By Staff Reporter
KARACHI: Militants rammed a vehicle into a paramilitary base in Karachi on Saturday, triggering a gun battle that killed at least three paramilitary Rangers personnel and four attackers, in the first assault on the country’s commercial capital claimed by a faction of the Pakistani Taliban in years.
The attack on the Sindh Rangers headquarters in the Gulistan-e-Jauhar neighbourhood began when assailants drove a vehicle into the outer barricade of the compound before storming the building and hurling hand grenades, police officials said.
Jamaat-ul-Ahrar, a militant offshoot of the Tehreek-e-Taliban Pakistan (TTP), claimed responsibility for the assault — a rare incursion by the northwestern-based group into Karachi, a megacity of some 20 million people that serves as Pakistan’s financial and commercial engine.
“At least three Rangers personnel have been martyred in the terrorist attack,” a senior police official told reporters. “Four terrorists have also been eliminated, and the body of the fifth terrorist — who was the suicide bomber — has also been found.”
A sixth militant was captured alive, wounded, the official added.
Sindh Inspector General Javed Alam Odho confirmed the death toll and said a mopping-up operation was underway, with the area sealed by Special Security Unit (SSU) commandos, Anti-Terrorist Force personnel and Rangers. Witnesses at the scene said firing had ceased and the situation was calm by late evening.
Police Surgeon Dr Summaiya Syed confirmed at least one paramilitary trooper had been hospitalised with gunshot wounds to the leg.

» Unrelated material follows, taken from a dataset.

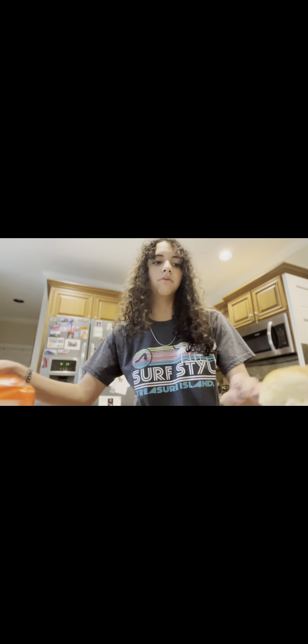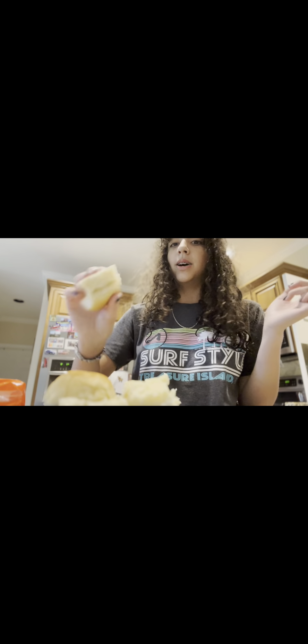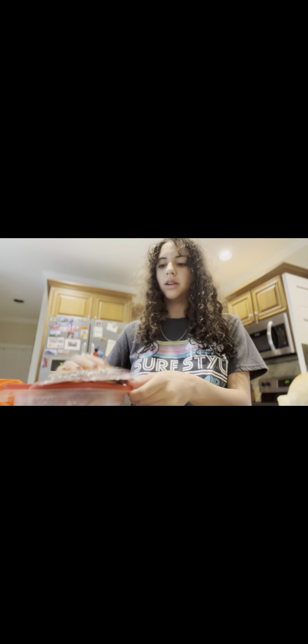I'm going to be vlogging my week. It's Monday and I'm on summer break, so I'm currently making lunch. I got Hawaiian roll sandwiches from Publix and decided to make them myself. I have the Hawaiian rolls and I cut them open, then added cheddar cheese and oven roasted turkey breast.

Rescue 1122 Sindh said it had dispatched teams from its central command-and-control centre following reports of an explosion near Gulistan-e-Jauhar Block 5. The emergency service’s chief operating officer, Dr Abid Jalaluddin Sheikh, was also sent to the scene on the directives of the Chief Minister’s Adviser on Rehabilitation Gyan Chand Essrani.
Sindh Chief Minister Syed Murad Ali Shah said he had taken notice of the attack and directed the provincial police chief and Karachi’s additional inspector general to submit a detailed report. Home Minister Ziaul Hasan Lanjar separately ordered the additional inspector general to provide a full account of the incident as soon as possible.
Authorities had not issued a formal public statement on the assault by Saturday evening.
Saturday’s attack was the most significant militant strike on Karachi in nearly two years. In October 2024, a bombing near Karachi’s international airport killed one person and wounded 11 others, including foreign nationals. That attack was claimed by the Baloch Liberation Army (BLA), the separatist group that has repeatedly targeted Chinese interests in the city. Two suspects were arrested in connection with that bombing in November 2024.
Before that, the last major assault in Karachi was in February 2023, when gunmen attacked the city’s police headquarters on Sharea Faisal. Army special forces, Rangers and police fought the attackers — three TTP militants — for several hours before killing all of them. Four people died and 19 were wounded in that siege.
Jamaat-ul-Ahrar has historically operated primarily in the northwestern Khyber Pakhtunkhwa province, targeting civilians, security personnel and government officials. Saturday’s attack signals an extension of the group’s operational reach into Pakistan’s south.
The assault comes against a backdrop of sharply deteriorating national security. Pakistan recorded 128 terrorist attacks in May, a 27 percent increase from 101 in April, according to the Pakistan Institute for Conflict and Security Studies, reversing two consecutive months of improvement. The surge was driven primarily by escalating violence in Khyber Pakhtunkhwa and Balochistan.